[Task brief]
In the records below, repeat exactly the lines between the line holding "미러급 브라이틀링 남성용" and the line holding "Diář Moleskine Peanuts", inclusive, and drop the pictures.

[Data shown]
──────────

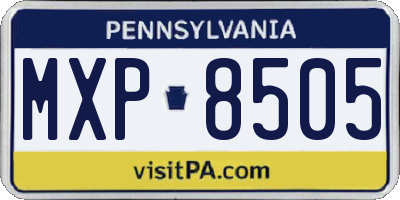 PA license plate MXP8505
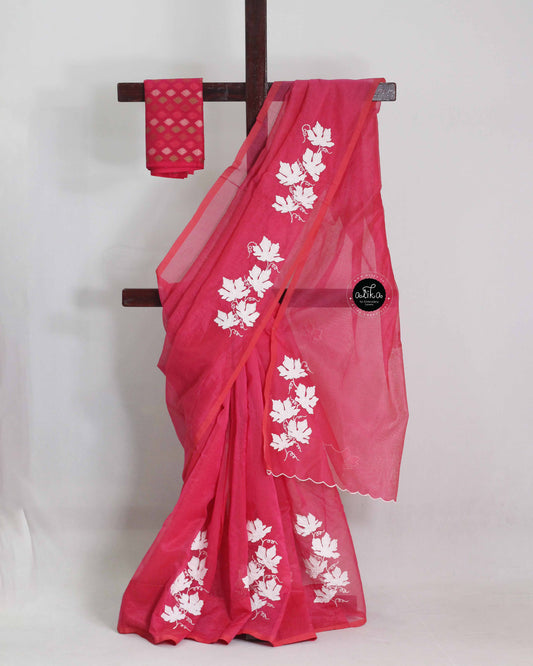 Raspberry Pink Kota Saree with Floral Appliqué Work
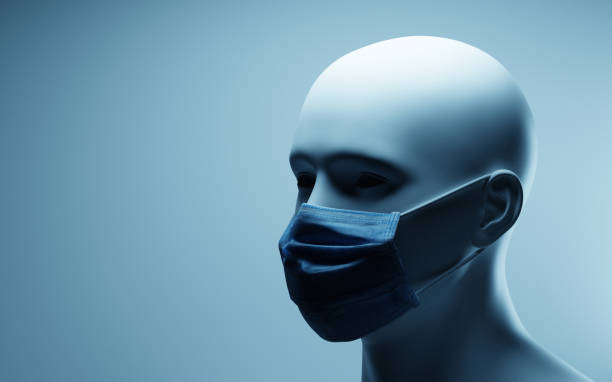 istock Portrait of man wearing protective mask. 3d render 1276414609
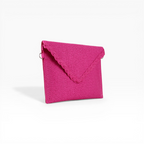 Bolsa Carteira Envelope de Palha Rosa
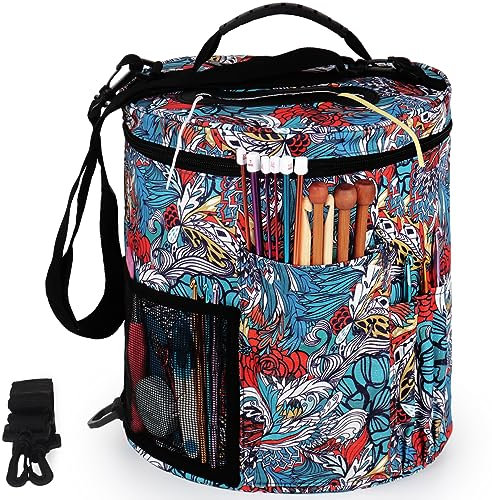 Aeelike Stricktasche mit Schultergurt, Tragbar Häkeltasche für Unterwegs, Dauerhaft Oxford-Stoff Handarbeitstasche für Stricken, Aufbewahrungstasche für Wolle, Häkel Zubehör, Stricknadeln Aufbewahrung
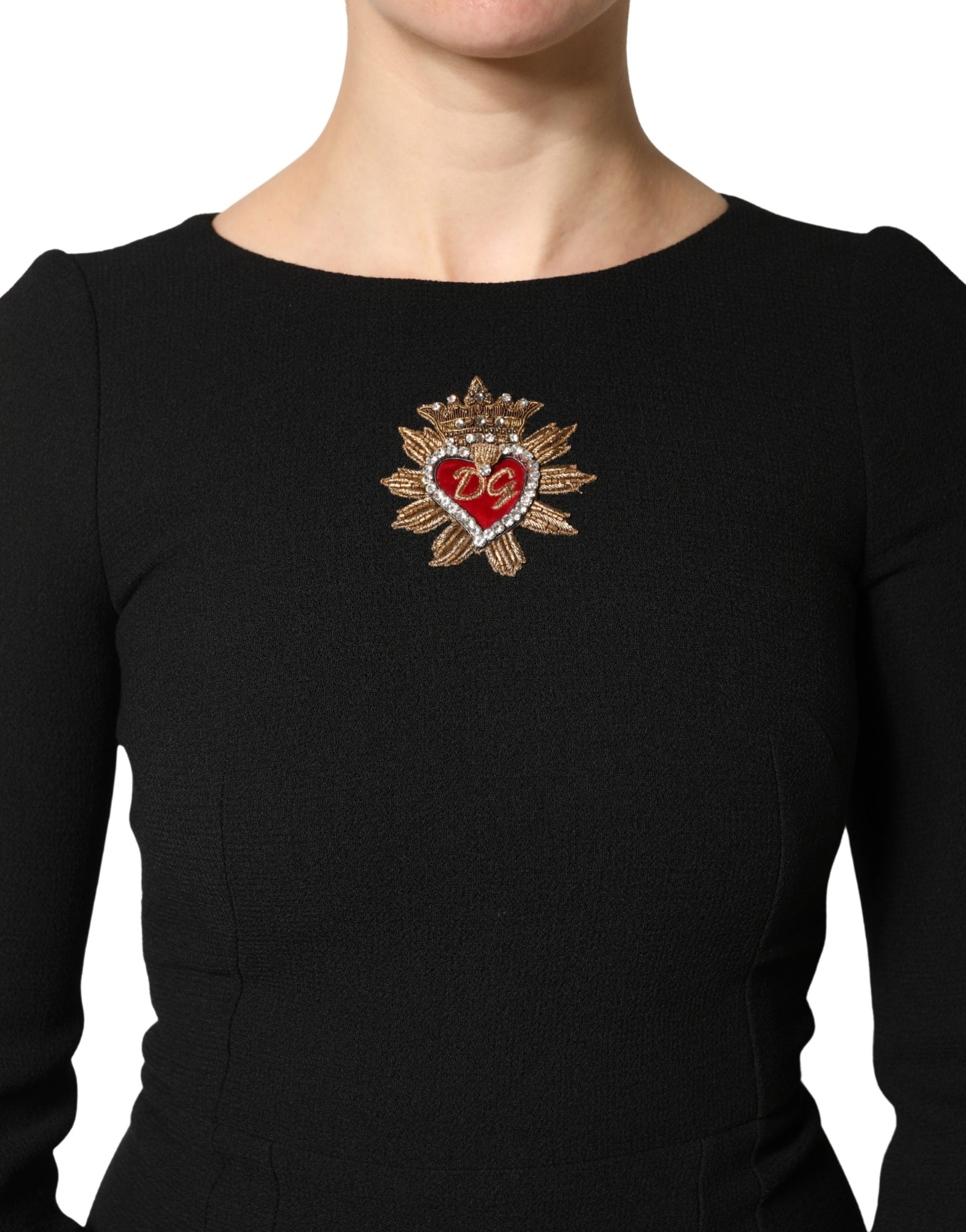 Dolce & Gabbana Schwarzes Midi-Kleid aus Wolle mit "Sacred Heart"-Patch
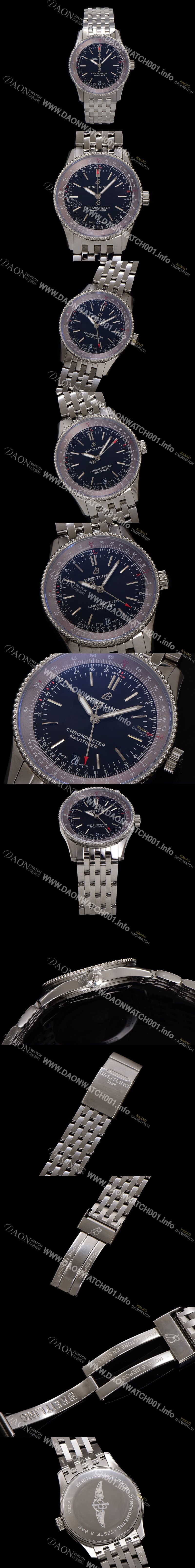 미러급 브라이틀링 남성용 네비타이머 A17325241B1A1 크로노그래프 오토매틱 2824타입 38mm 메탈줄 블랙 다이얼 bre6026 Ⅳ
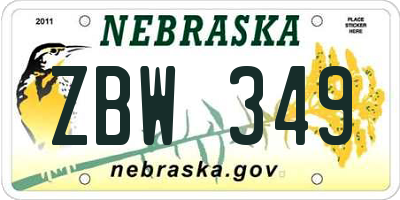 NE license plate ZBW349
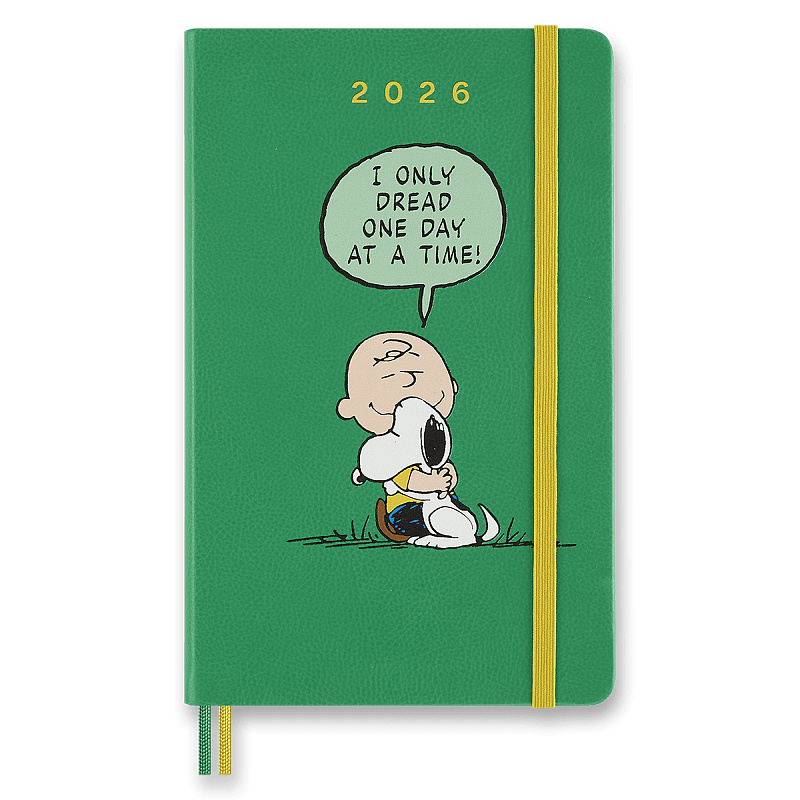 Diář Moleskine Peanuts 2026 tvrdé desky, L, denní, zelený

──────────

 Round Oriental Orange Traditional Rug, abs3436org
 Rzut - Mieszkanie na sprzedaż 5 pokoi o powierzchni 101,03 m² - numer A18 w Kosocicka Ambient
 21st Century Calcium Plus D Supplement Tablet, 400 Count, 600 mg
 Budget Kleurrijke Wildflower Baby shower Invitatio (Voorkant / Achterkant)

──────────

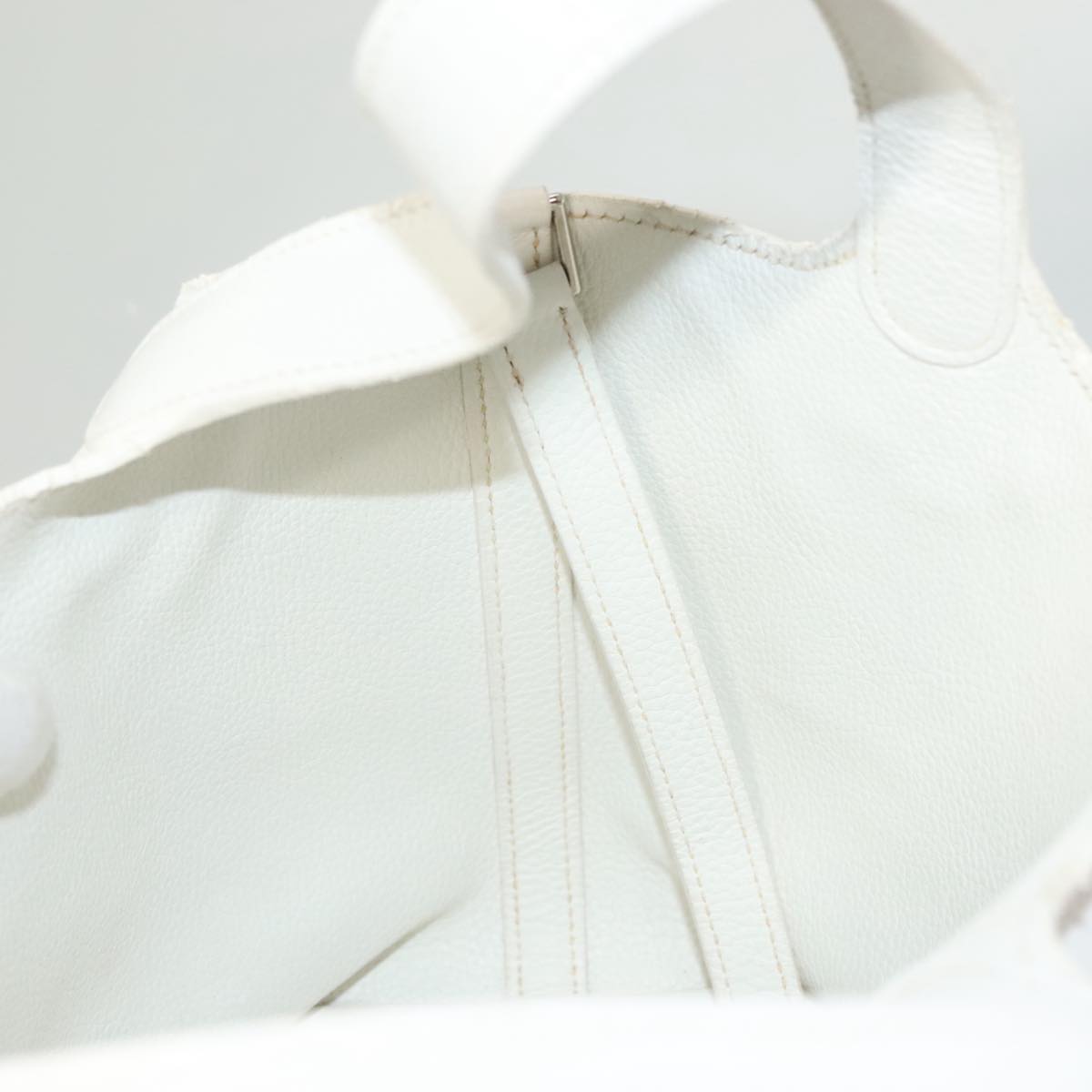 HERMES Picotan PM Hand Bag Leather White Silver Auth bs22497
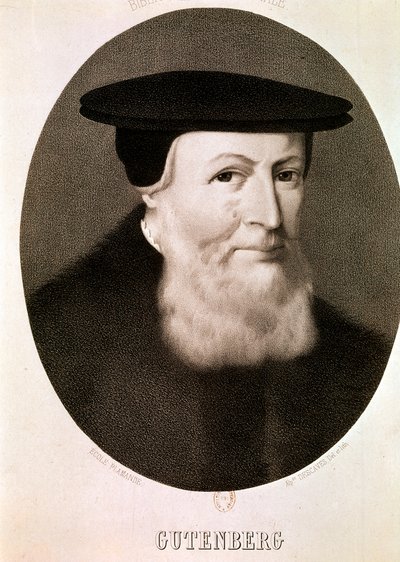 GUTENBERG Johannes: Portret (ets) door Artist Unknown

──────────

[Response to the task]
 미러급 브라이틀링 남성용 네비타이머 A17325241B1A1 크로노그래프 오토매틱 2824타입 38mm 메탈줄 블랙 다이얼 bre6026 Ⅳ
 NE license plate ZBW349
 Diář Moleskine Peanuts 2026 tvrdé desky, L, denní, zelený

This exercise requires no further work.